2) Non-Metal Mineral Resources

a. Building material

Building materials consist of marble, andesite, ashtray, tras, dacite, granite, basalt, diabase, diorite, granodiorite, peridotite, sirtu, and gabbro peridotite,

b. Industrial Minerals

Industrial minerals consist of potassium rock, zircon, limestone, sulfur, bentonite, quartzite, diatomea, dolomite, pumice, phosphate, gypsum, calcite, gypsum, calcite, ocher, quartz sand, serpentine, talc, travertine, barite, ultrabase, iodine, zeolite , and quartz.

c. Ceramic Material

Ceramic materials consist of toseki, feldspar, pearlite, ball/bond clay, kaolin, trachite clay, obsidian, pyrophyllite, and magnesite.

d. Precious Stones and Decorative Stones

Precious stones and ornamental stones consist of amethyst, diamond, opal, jasper, ornamental stone, coral, chalcedony, onyx, topaz, chert, garnet, and prehnit.

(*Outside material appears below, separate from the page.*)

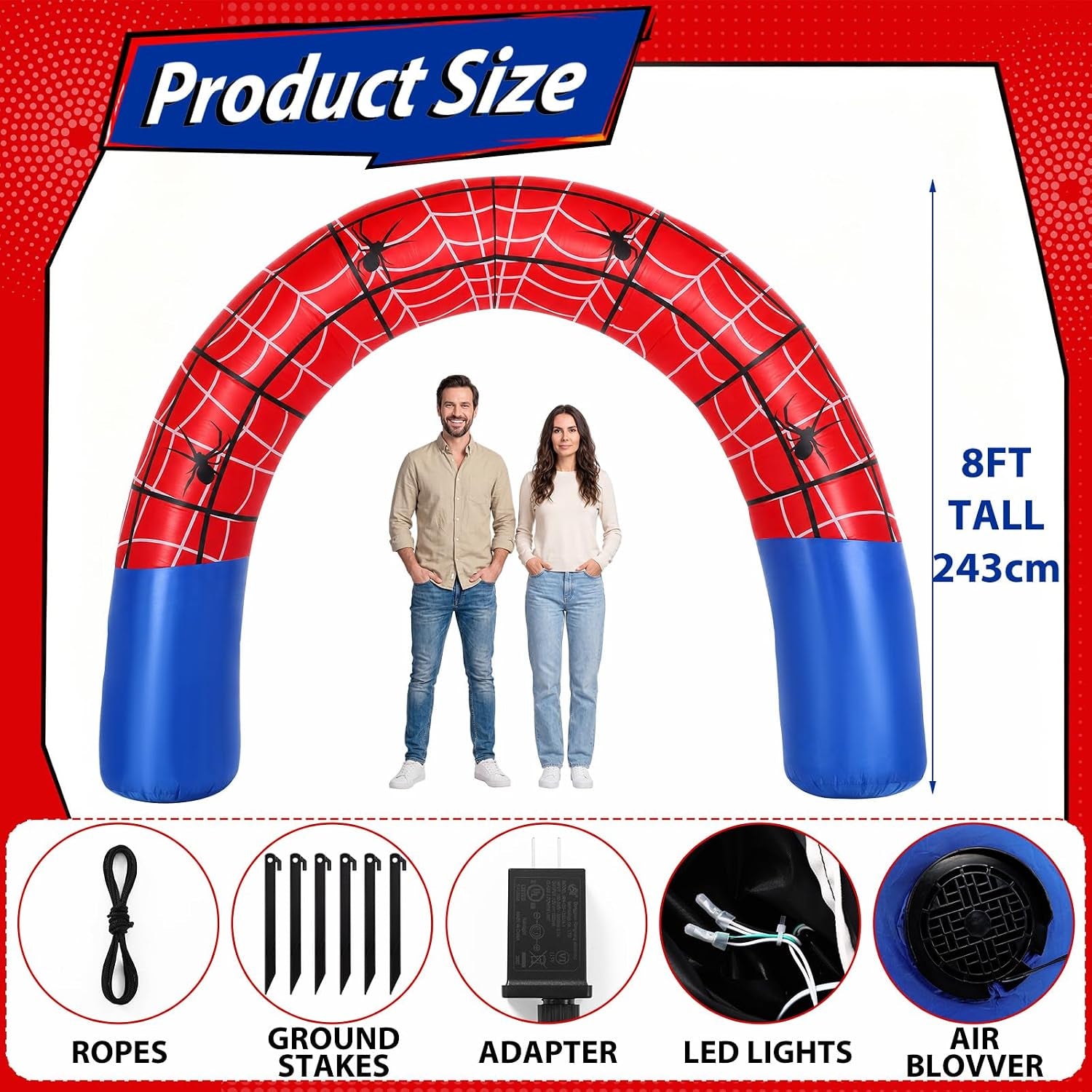 8Ft Giant Spider Web Inflatable Arch Blow up Inflatable Outdoor Yard Decorations with Built in LED Lights Red Spider Web Theme Birthday Party Decor for Garden Lawn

The following is a book on mining practice and theory in Indonesia.

5. Solar Resources

The sun is the center of the solar system which is the main source of energy for life on earth. The sun produces two types of energy, namely light energy and heat energy. Both of these energies can be used to support the survival of living things. For plants, solar resources are useful in photosynthetic activities. For humans, solar resources can be used to produce electrical energy. Electrical energy produced by solar resources has the least negative impact compared to the use of other energy sources. The use of solar electricity does not produce greenhouse gases and can prevent environmental pollution.

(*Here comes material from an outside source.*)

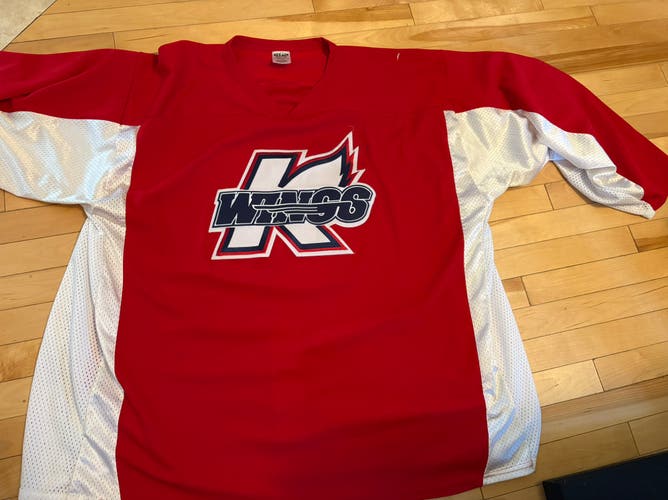 ECHL Kalamazoo Wings Red Men's XXL Athletic Knit Practice Jersey (Used)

Here is a book about solar power generation systems.

6. Wind Resources

Wind is a resource that moves air. The function of the wind as an air mover has various benefits for human life. Wind is currently widely used as a source of electrical energy. Wind can produce electrical energy by using turbines which are generally placed in highlands with a height of more than 30 meters. Sources of electrical energy produced from wind are more environmentally friendly because they are generally cleaner than residues produced by other fuels. In addition, the wind also has various other benefits, including moving clouds, making the air temperature cooler, helping pollinate plants, helping to move fishing boats, driving wheat grinding machines, driving irrigation pumps, and others.